III – Nulidades da sentença.
Nas suas alegações de recurso e, bem assim, nas respetivas conclusões a recorrente defende que a sentença será nula, por omissão ou apreciação inadequada das questões da ausência do contraditório ( artigos 2º a 6º das conclusões) e da caducidade do exercício do poder disciplinar (artigos 7º a 9º2primeiro das conclusões). A final pretende a recorrente que a sentença seja anulada.
Argumenta a recorrente que enviou resposta à nota de culpa para o domicílio do instrutor do processo disciplinar, que não a recebeu nem a considerou na decisão de despedimento, o que põe em causa a sua defesa e, impedindo o exercício do contraditório torna o procedimento disciplinar inválido e o despedimento ilícito. Mais refere não concordar com o entendimento do tribunal de primeira instância que considerou a sua resposta à nota de culpa classificando-a como “declaração não receptícia”, sendo que a resposta a nota de constitui a sua defesa e a única forma de intervir no processo disciplinar.

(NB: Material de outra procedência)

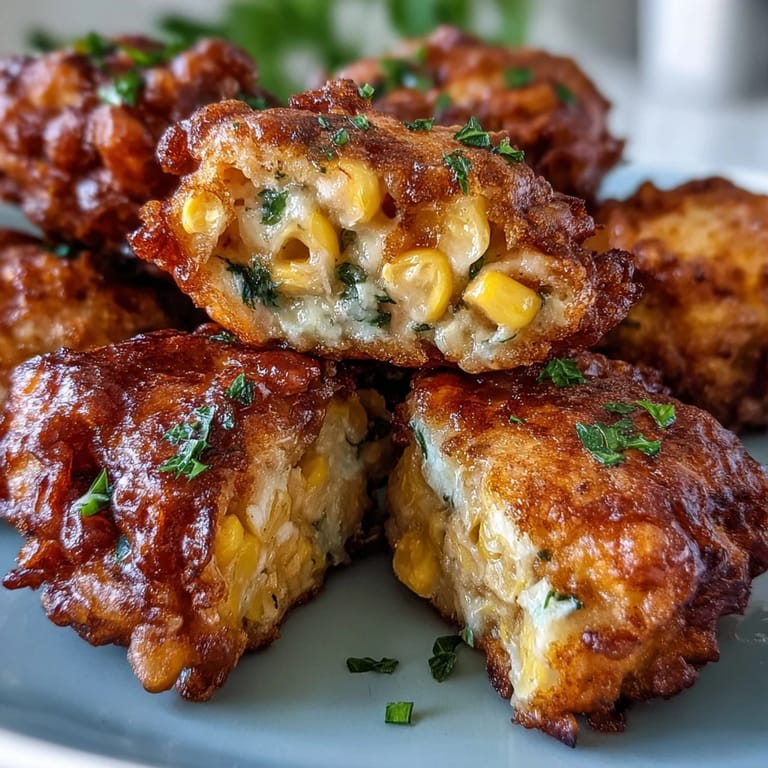 Hearty Corn Chicken Lunchbox Fritters, golden brown and appealing for a satisfying meal.
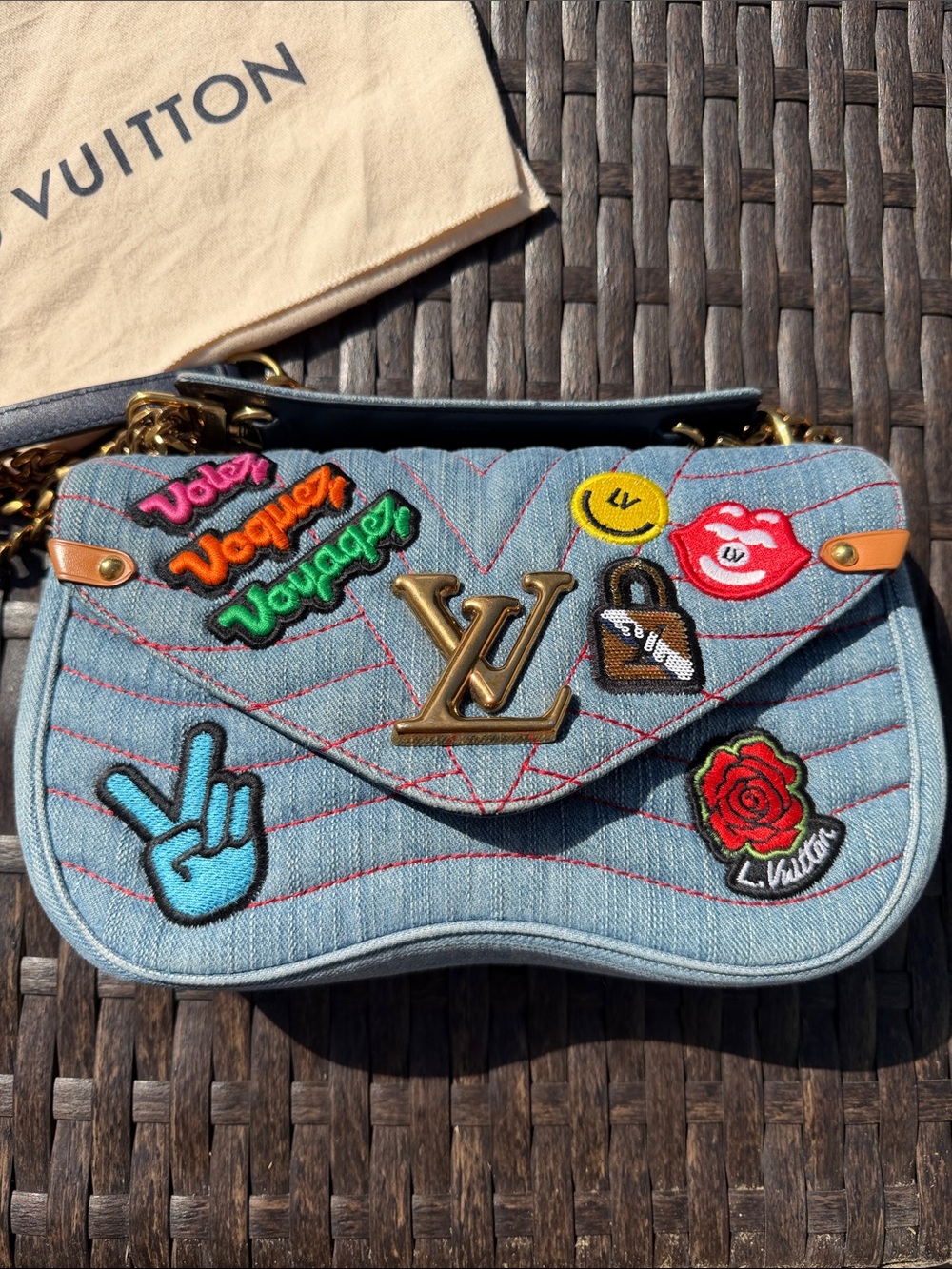 NWOT Louis Vuitton Monogram Denim New Wave Crossbody Bag MM - Picture 3 of 11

Quanto à caducidade refere que a recorrida imputou factos, em relação aos quais o direito de a punir caducou visto terem decorrido mais de 60 dias entre a sua ocorrência ou conhecimento e o início do processo disciplinar e, considera, ainda, criticável o entendimento da sentença de que lhe cabia o ónus de provar a data do conhecimento pela recorrido dos factos e que, em alguns casos, estes já estavam prescritos nos termos do art.º 329º, n.º 1 do CT.
Vejamos.
O artigo 615.º, n.º 1, do CPC, sob a epígrafe, “Causas de nulidade da sentença”, preceitua, no que ora releva que:
« 1. É nula sentença quando:
(…)
c. “Os fundamentos estejam em oposição com a decisão ou ocorra alguma ambiguidade ou obscuridade que torne a decisão ininteligível;”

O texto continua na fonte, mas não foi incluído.